| Work instruction |
Reproduce the records that follow exactly; any picture among them stays out.

─── Input data

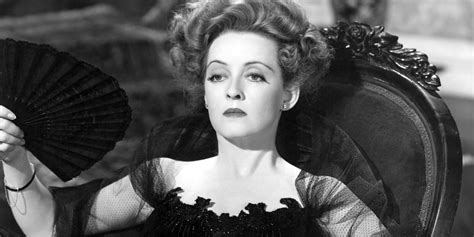 10 Best Bette Davis Movies, Ranked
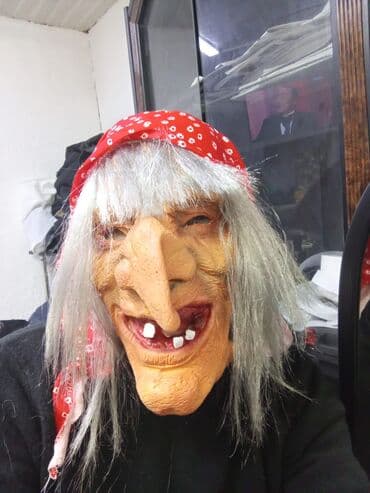 детские машины бишкек цены: Карнавальные костюмы на прокат. взрослые и детские — 7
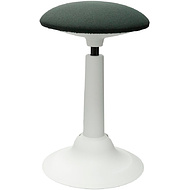 Стул для активного сиденья 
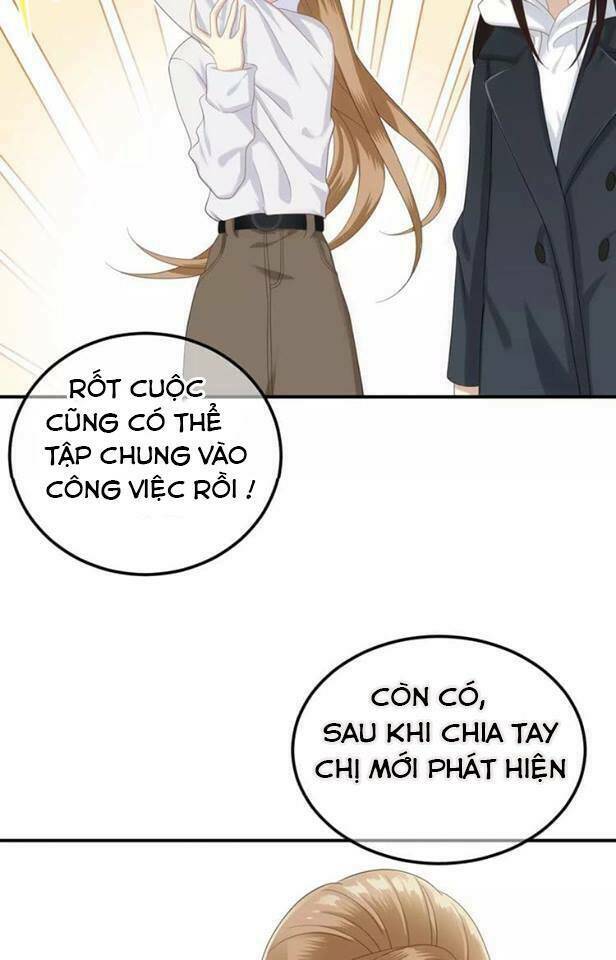 Thần Tượng Điểm Zero: Chapter 92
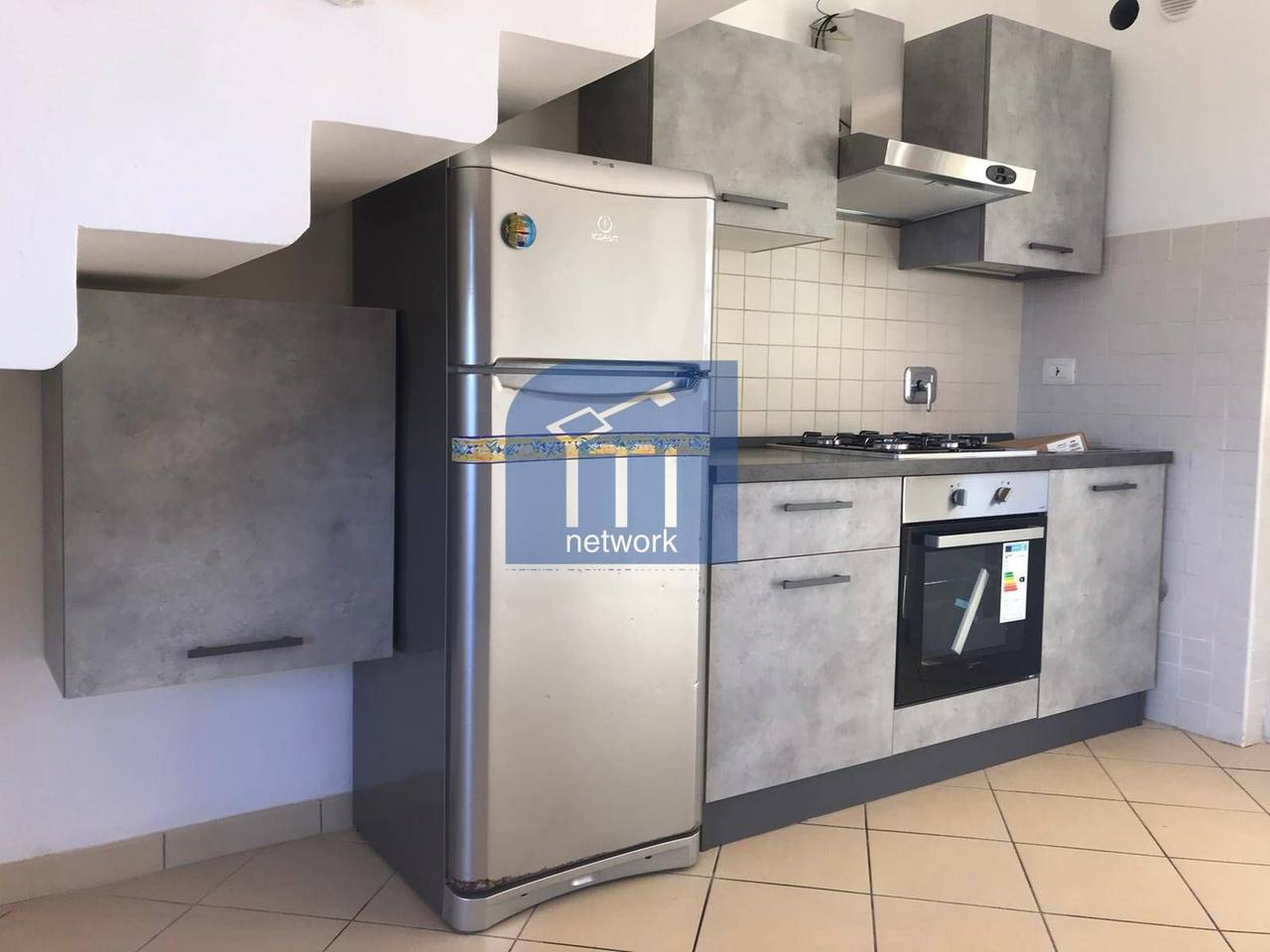 immagine annuncio 5 di 14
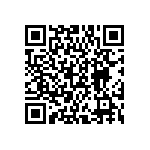 DWM-10-58-L-D-427 QRCode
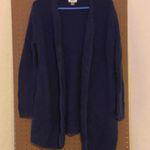Old Navy Cardigan Photo 0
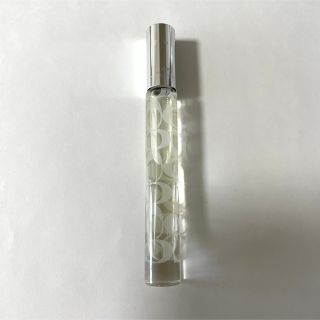 COACH コーチ コーチマン オードトワレ 100ml www.bimatech.co.id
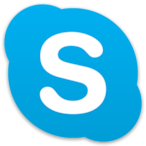 SebaDeLaPartida's Avatar'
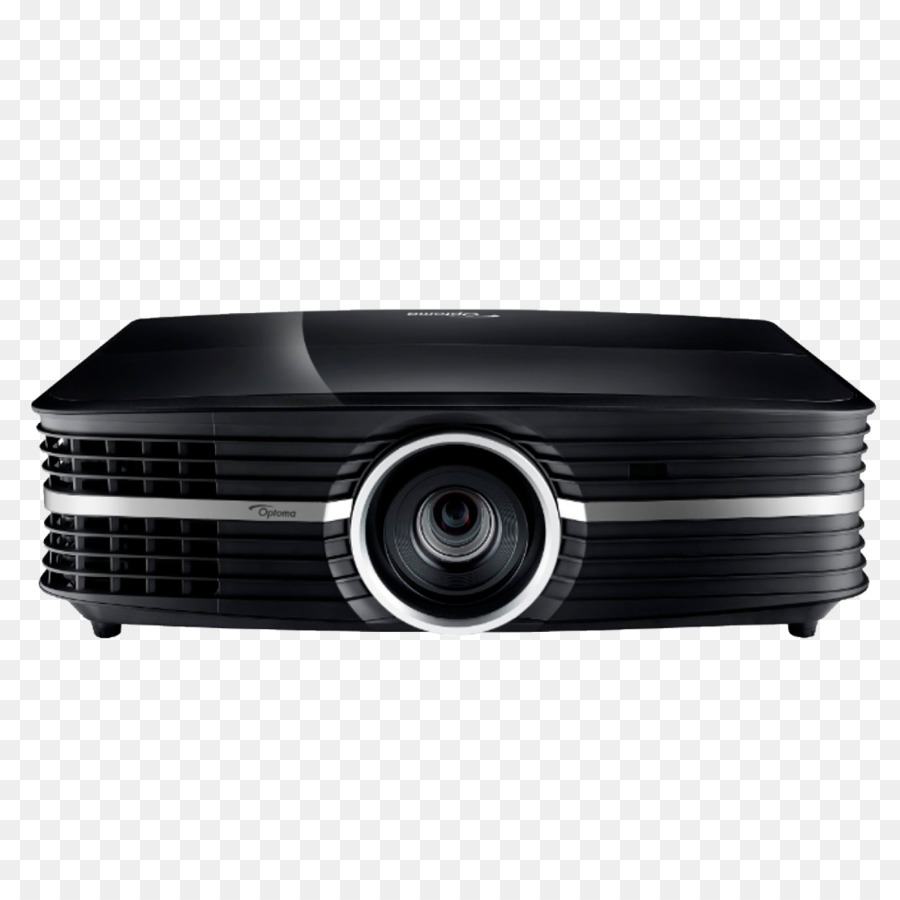 Projecteur，Présentation PNG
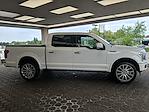 2020 Ford F-150 SuperCrew Cab 4x4 Pickup for sale #S5F3988L - photo 6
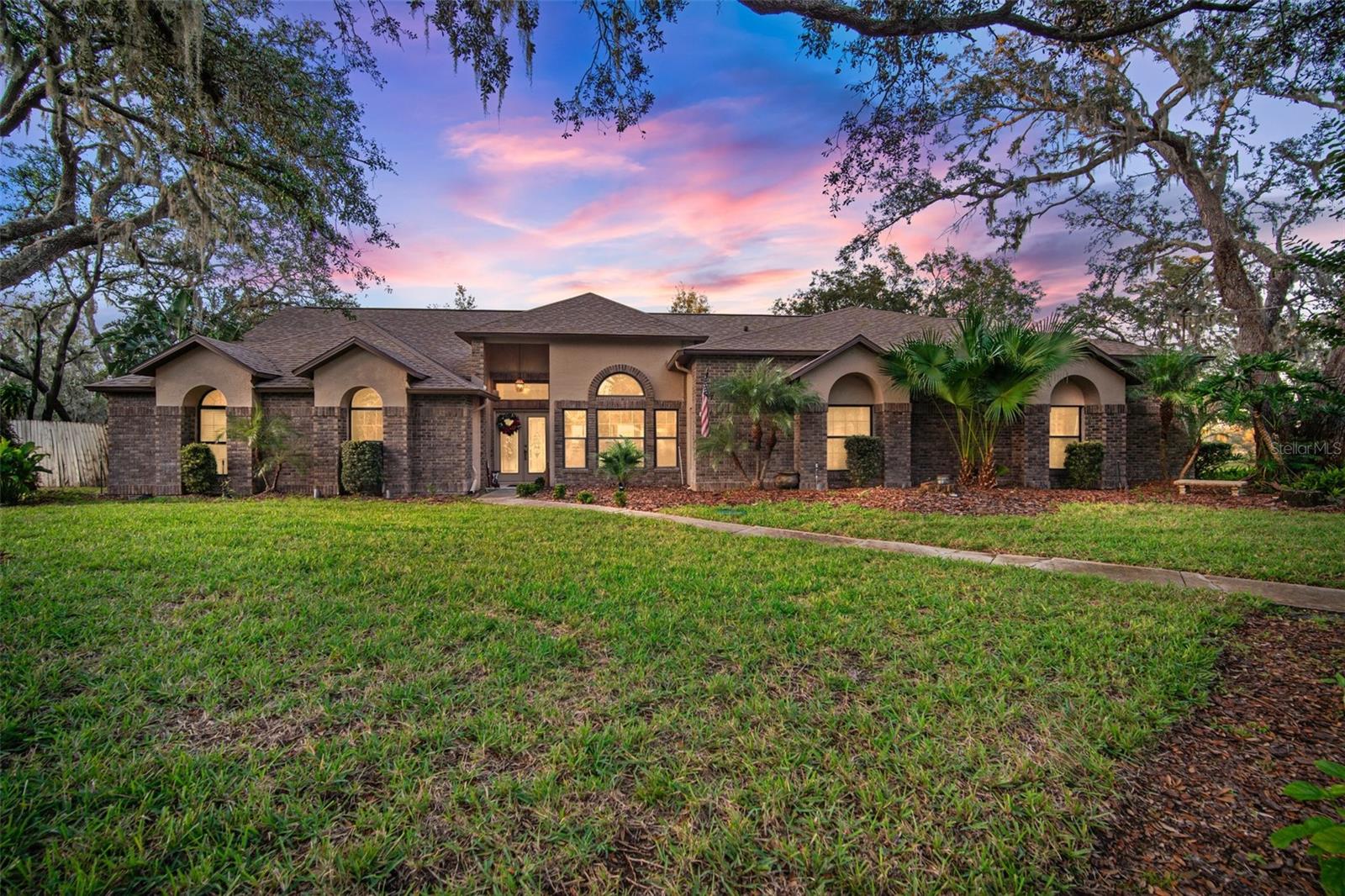 Details for 11201 Kerry Hills Court, RIVERVIEW, FL 33569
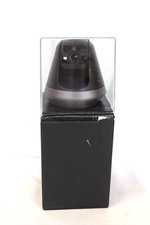 Samsung SNH-V6410PN SmartCam Pan/Tilt Full HD 1080p Wi-Fi IP Camera Display 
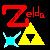 linksbud129 :iconlinksbud129:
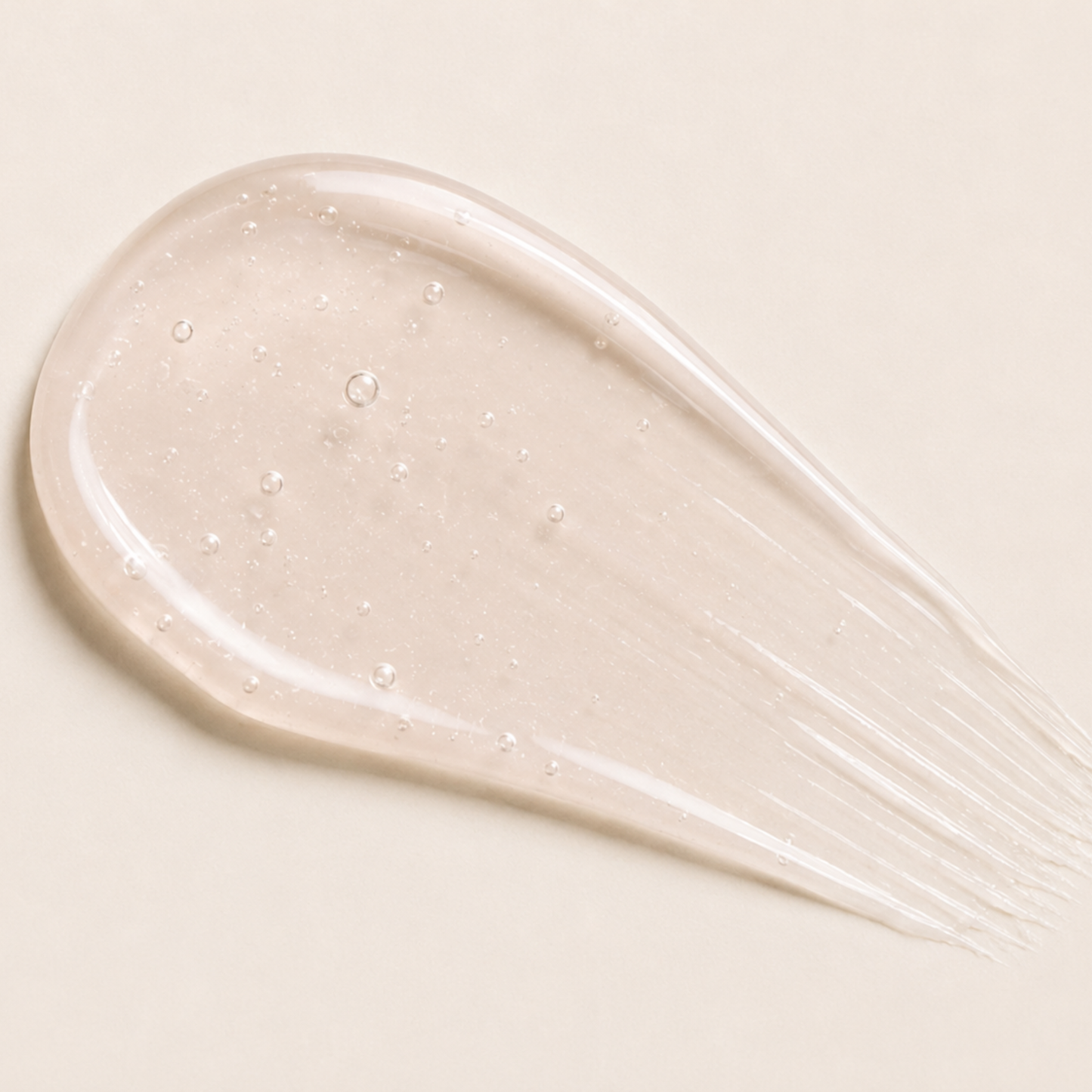 The Rinse Gel Cleanser™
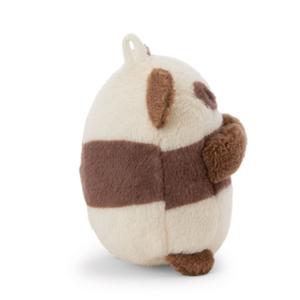Panda plush Nici Kono image-1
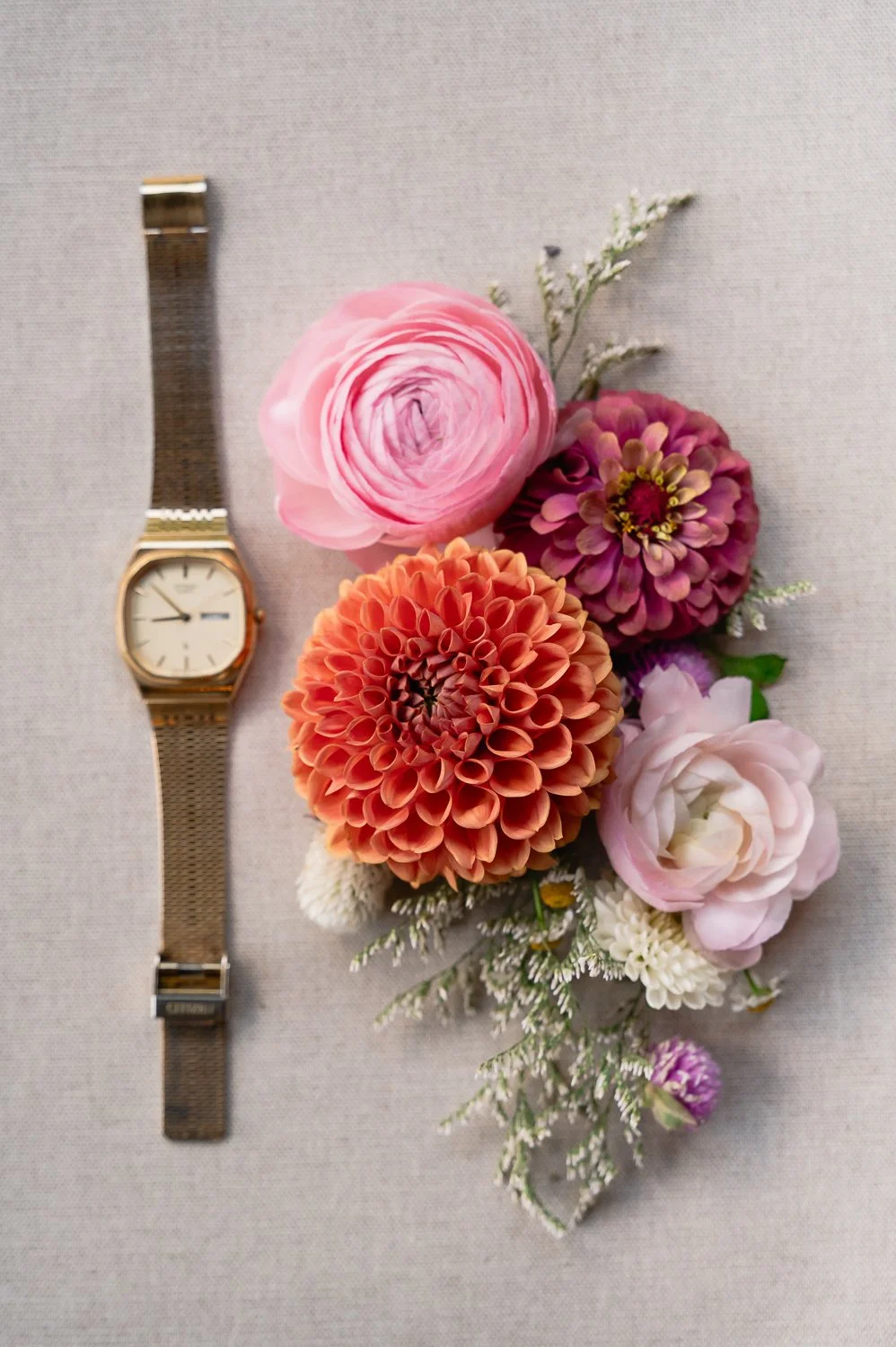 kory portfolio -128.jpg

──────

| Solution for this problem |
 10 Best Bette Davis Movies, Ranked
 детские машины бишкек цены: Карнавальные костюмы на прокат. взрослые и детские — 7
 Стул для активного сиденья 
 Thần Tượng Điểm Zero: Chapter 92
 immagine annuncio 5 di 14
 DWM-10-58-L-D-427 QRCode
Old Navy Cardigan Photo 0
 COACH コーチ コーチマン オードトワレ 100ml www.bimatech.co.id
 SebaDeLaPartida's Avatar'
 Projecteur，Présentation PNG
 2020 Ford F-150 SuperCrew Cab 4x4 Pickup for sale #S5F3988L - photo 6
 Details for 11201 Kerry Hills Court, RIVERVIEW, FL 33569
 Samsung SNH-V6410PN SmartCam Pan/Tilt Full HD 1080p Wi-Fi IP Camera Display 
 linksbud129 :iconlinksbud129:
 The Rinse Gel Cleanser™
Panda plush Nici Kono image-1
 kory portfolio -128.jpg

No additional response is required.